Pertama, karena saya memang bukan tipe pemain yang suka melakukan “victory lap”, sama hal nya ketika saya juara bersama Selangor, dan tim nasional Indonesia (eh ngga pernah juara dengan tim nasional ding ya hehehe). Saat juara piala Presiden 2018, dan liga musim ini pun saya tidak ikut dalam victory lap bersama piala.

Kedua, status saya ketika itu adalah pemain muda (21 tahun), saya ingin menghormati para pemain senior di Persija ketika itu, agar mereka dapat lebih dekat dengan piala. Alasannya sederhana, karena bisa jadi piala itu adalah gelar terakhir dalam karir sepak bola mereka.

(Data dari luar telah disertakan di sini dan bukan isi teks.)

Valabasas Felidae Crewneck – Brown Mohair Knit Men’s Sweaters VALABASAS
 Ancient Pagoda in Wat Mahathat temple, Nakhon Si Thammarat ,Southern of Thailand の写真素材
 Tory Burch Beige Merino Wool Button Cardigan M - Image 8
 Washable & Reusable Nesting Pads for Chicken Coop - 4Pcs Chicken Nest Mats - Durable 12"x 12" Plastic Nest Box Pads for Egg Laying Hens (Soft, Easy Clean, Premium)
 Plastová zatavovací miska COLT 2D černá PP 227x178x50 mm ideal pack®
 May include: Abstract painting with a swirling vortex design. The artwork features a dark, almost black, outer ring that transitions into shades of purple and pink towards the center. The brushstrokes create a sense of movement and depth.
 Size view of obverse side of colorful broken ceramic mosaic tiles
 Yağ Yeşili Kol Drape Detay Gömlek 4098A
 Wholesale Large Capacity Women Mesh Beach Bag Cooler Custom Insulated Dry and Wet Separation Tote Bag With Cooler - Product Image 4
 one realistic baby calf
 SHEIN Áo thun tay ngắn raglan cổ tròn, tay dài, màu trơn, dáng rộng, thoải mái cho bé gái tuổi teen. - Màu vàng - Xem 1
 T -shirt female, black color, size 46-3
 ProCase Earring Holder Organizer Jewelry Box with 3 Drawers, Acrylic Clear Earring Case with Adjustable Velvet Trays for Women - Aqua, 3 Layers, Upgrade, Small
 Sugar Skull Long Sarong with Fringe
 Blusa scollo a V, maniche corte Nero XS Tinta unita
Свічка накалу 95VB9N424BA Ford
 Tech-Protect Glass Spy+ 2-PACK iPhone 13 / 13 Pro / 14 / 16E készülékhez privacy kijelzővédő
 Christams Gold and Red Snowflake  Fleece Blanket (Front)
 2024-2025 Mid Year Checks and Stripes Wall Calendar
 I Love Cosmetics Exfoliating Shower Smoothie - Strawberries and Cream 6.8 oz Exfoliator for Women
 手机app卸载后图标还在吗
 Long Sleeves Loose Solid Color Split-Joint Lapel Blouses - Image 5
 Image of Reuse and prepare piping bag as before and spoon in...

Oleh karena itu pada foto-foto utama selebrasi tim pada tahun 2001 banyak didominasi oleh para pemain senior. Agak sulit untuk melihat penampakan saya, jikapun ada ya hanya dipinggir-pinggir saja, bahkan dalam beberapa foto tertutup pemain lain, atau malah ter”crop”.

Malam itu saya berbisik lirih dalam hati:

“Saya masih muda, karir saya masih panjang. Suatu saat nanti, saya harus kembali juara bersama tim ini (Persija Jakarta). Dan ketika itu terwujud, saya akan memegang piala tersebut, dan berada di barisan depan saat menerimanya”.

Tahun demi tahun berganti. Pertempuran demi pertempuran saya jalani. Kegagalan demi kegagalan pun mengampiri. Tak mudah untuk menata asa yang sudah sering terkoyak. Namun tidak sedikitpun terbersit keinginan untuk menyerah.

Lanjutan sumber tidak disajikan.